Вот такой плюрализм мнений сегодня в "ограде Церкви". Куда же прихожанину, не окончившему богословские академии, податься? Очевидно, что на лекциях петербургского протоиерея Владимира Федорова и московского диакона Андрея Кураева говорится о разном. А главное, что за произнесенными словами следуют вполне осязаемые действия в нашей суетной жизни. Каковой она, эта жизнь, видится служителям культа?

Глава 2

Богословское религиоведение, или о том, как Европа стала колыбелью человечества

В философии или в богословии дурно выглядит протекционизм..."

"Я хотел бы, чтобы дети знали все религии мира".47

А.Кураев

"Все великие религии одинаково учат добру" 48

Далай-лама XIV

Уже вторым изданием, тиражом в 10.000 экземпляров вышла книга диакона "Если Бог есть Любовь". Как-то непривычно для тех, кто знает обличительный стиль писаний диакона Андрея, видеть его книгу о Любви. И действительно, посвятив вынесенной в заголовок теме менее трети книги, Кураев вернулся к излюбленной критике чужих убеждений. Но все-таки Любви он посвятил несколько страниц собственных рассуждений, и для нас они будут наиболее интересны.
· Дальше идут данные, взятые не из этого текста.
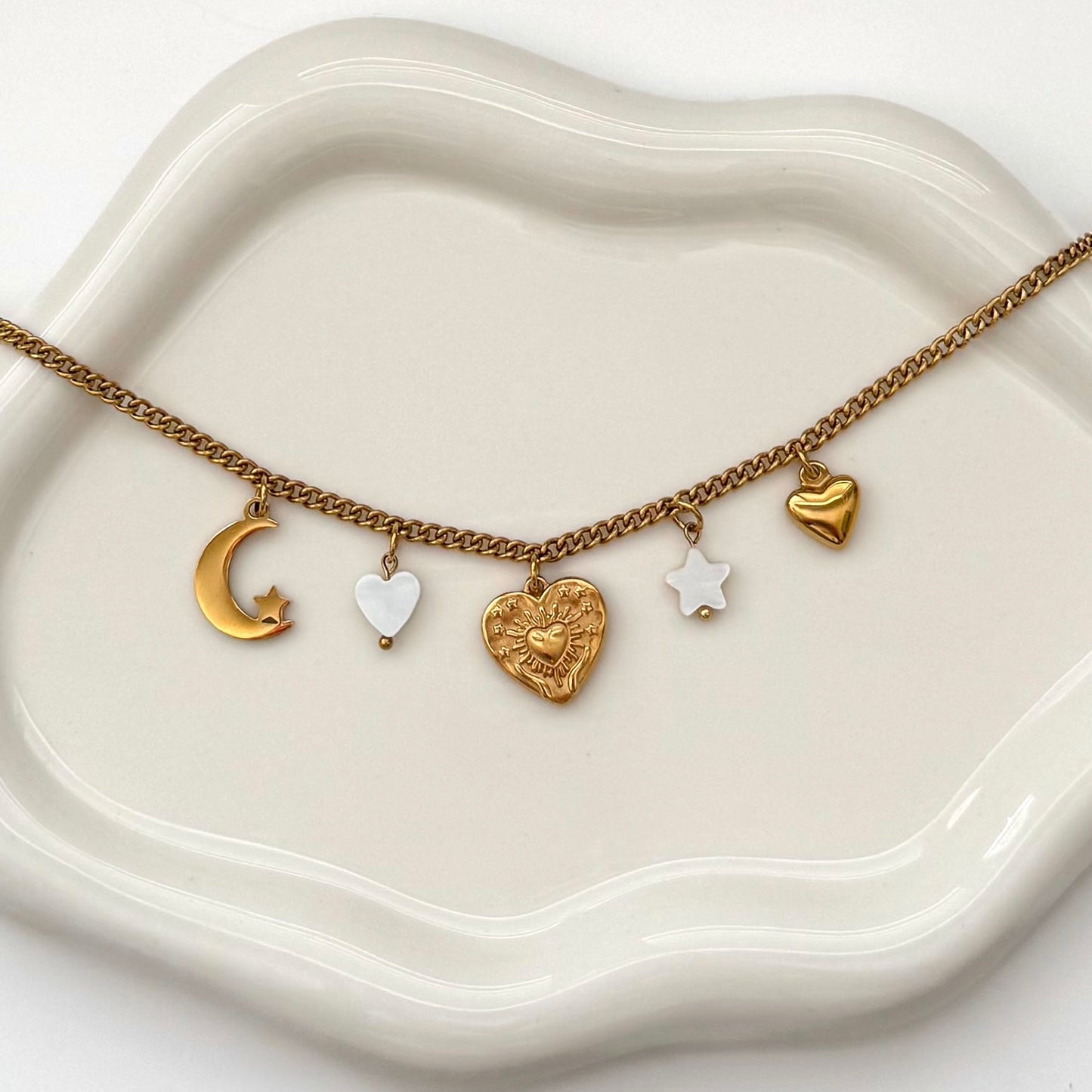 'Moon & Hearts' Multi Charm Necklace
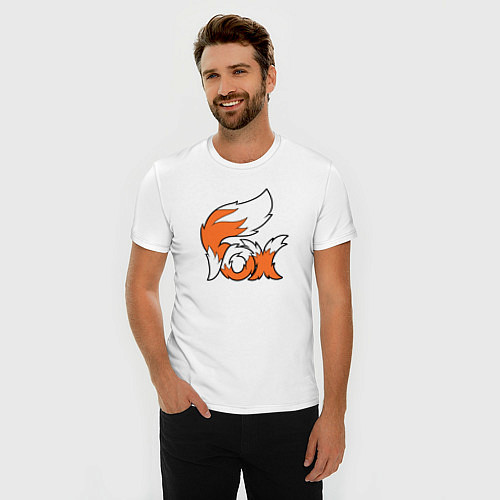 Мужская slim-футболка Fox Style / Белый – фото 3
О каноническом (то есть церковном) понимании учения Христа и той истины, что спасется лишь ничтожное меньшинство, пребывающее в Православной Церкви, а остальное большинство человечества будет жестоко наказано Христом, мы уже говорили. Познакомимся же с продолжением развития этой точки зрения современным апологетом Кураевым:

"...формула "Бог есть Любовь" – высочайшая, из всех возможных человеческих представлений о Божестве. Но раз это так – значит, мы подобрали ключ к решению исходной проблемы религиоведения. Теперь мы знаем, на каком именно основании можно сравнивать религиозные учения между собой... С мерилом "Бог есть Любовь" мы можем подходить к разным религиозным течениям и как лагом замерять их реальную глубину".49

Далее у Кураева следуют "замеры глубины" шаманизма, греко-римской религии, даосизма, брахманизма и индийской религиозной философии, буддизма и, наконец, ислама, – по паре страниц на каждую древнюю доктрину. И нигде Кураев не находит Любви.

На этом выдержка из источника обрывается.